It's not clear why Marcus Leupold decided to build rifle scopes. It may be that he drew inspiration from his first deer hunt in eastern Oregon--a trip organized in 1940 by his wife. Marcus enjoyed the outing a great deal, but it may have been a western-Oregon hunt that pushed him into the scope business. When a buck appeared, the story goes, Marcus threw the rifle to his shoulder only to find the lenses had fogged. He fired and missed. "I could make a better scope than this!" he exclaimed.

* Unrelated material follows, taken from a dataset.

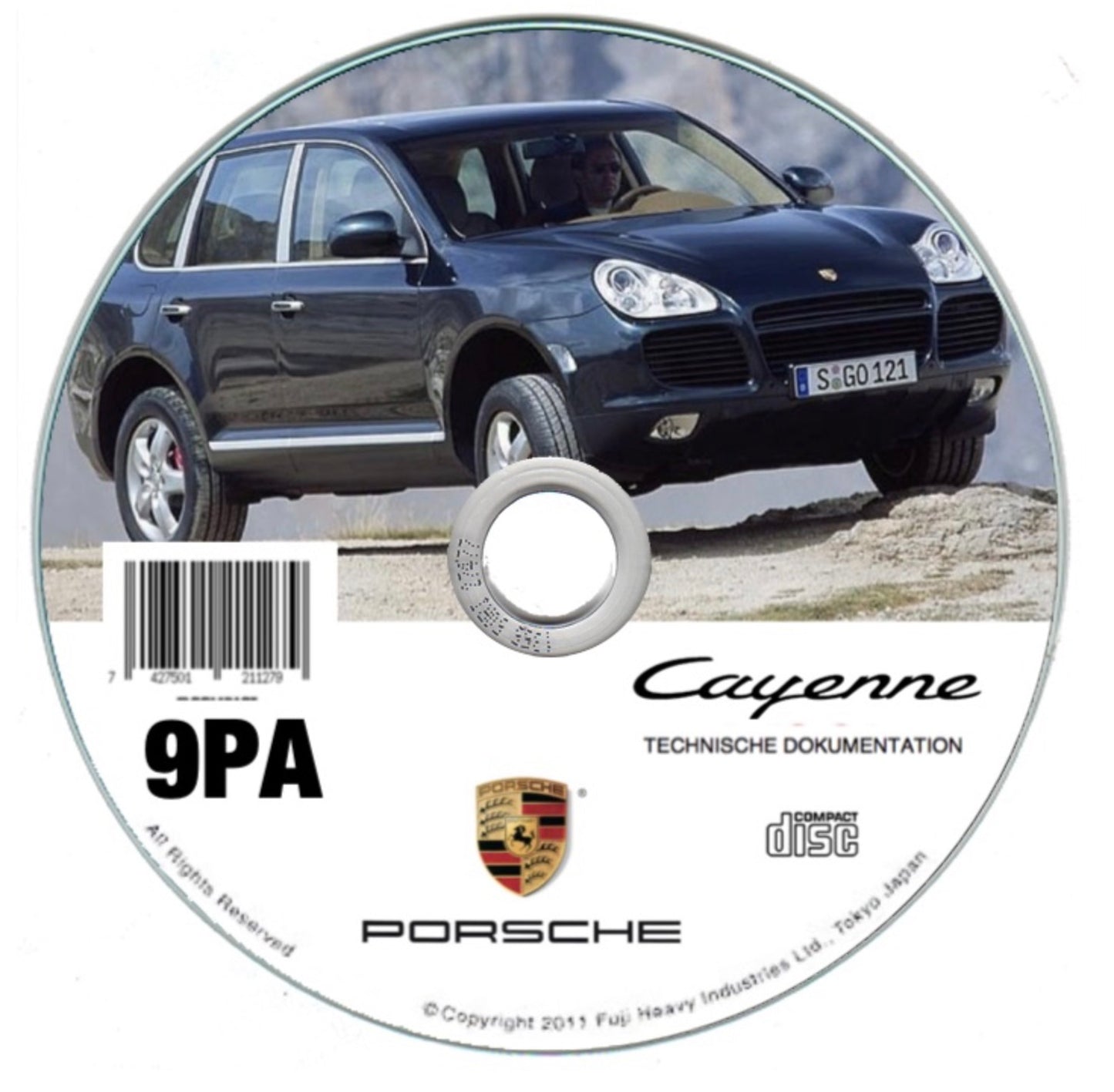 Porsche Cayenne 9PA (2003-2007)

In 1942, two years after the death of Adam Voelpel, Leupold, Volpel & Co. became Leupold & Stevens Instruments. In 1946 Leupold & Stevens announced its first riflescope. A photograph and description appeared in that October's company newsletter, Hydromike.

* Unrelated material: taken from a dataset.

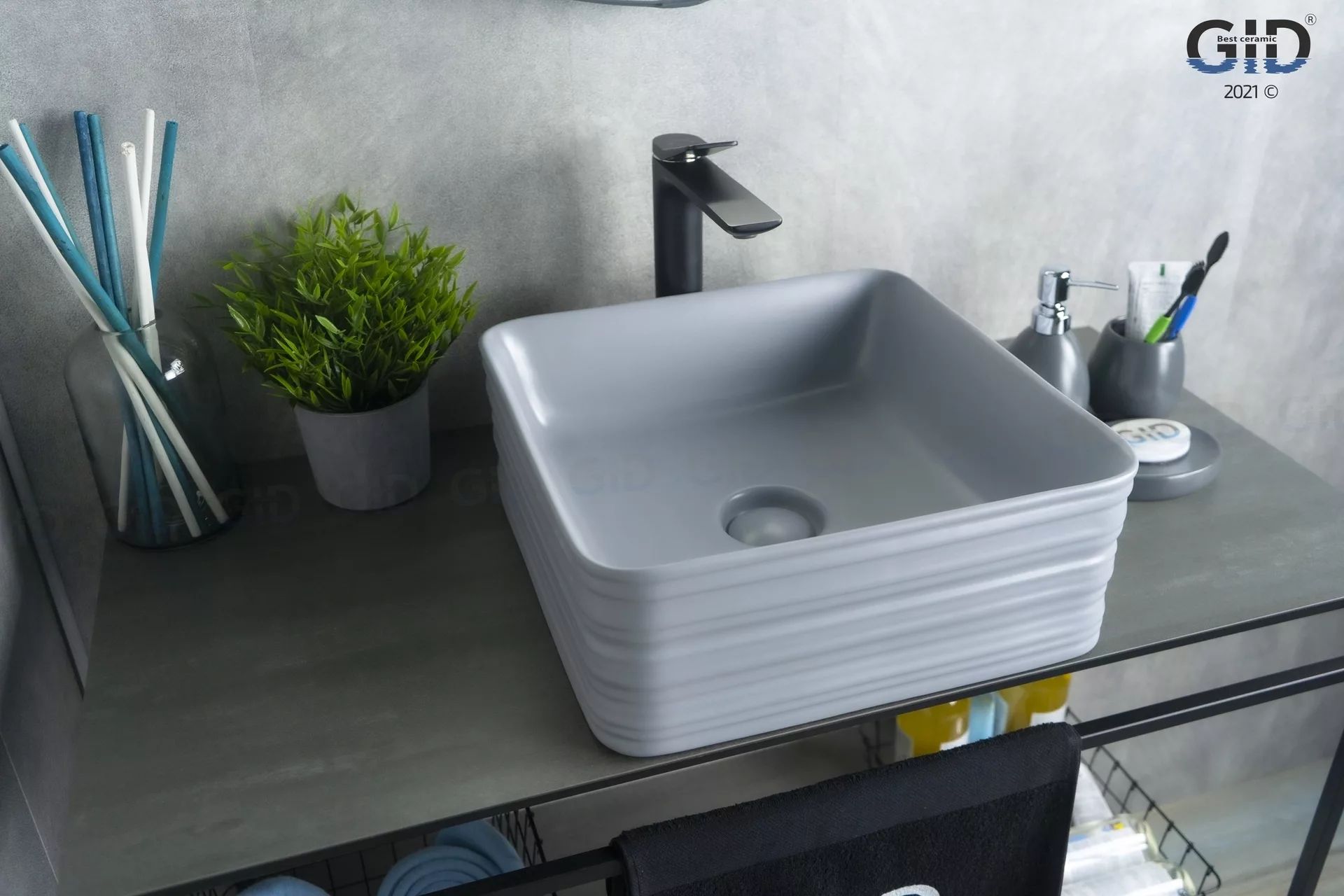 Умывальник Gid GM965 38.5x38.5, 53338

Mechanically and optically the Leupold Riflescope is a great advancement in telescope sights. A truly streamlined and novel means of adjusting the reticle for elevation and windage has been incorporated. Adjustments are made by turning graduated sleeves with the fingers--no bulky adjustment turrets and no screwdrivers required...The Riflescope is 21?4 power, with a wide field of view and long eye relief. It weighs less than seven ounces and is 7?8 inch (or 22mm) diameter so that it will fill the greatest variety of mounts.
The adjustment mechanism on the first Leupold was not air-tight, and damp weather caused fogging. So the firm tapped war-time technology. To keep sighting optics clear on Merchant Marine vessels, engineers had replaced the air in each scope with dry nitrogen gas. In 1947 Leupold's Plainsman became the first U.S. scope with internal adjustments and a fog-proof, nitrogen-filled tube.
Jack Slack, pictured here with a fine mule deer, played a crucial role in putting Leupold & Stevens on the sporting optics map in the 1950s and '60s.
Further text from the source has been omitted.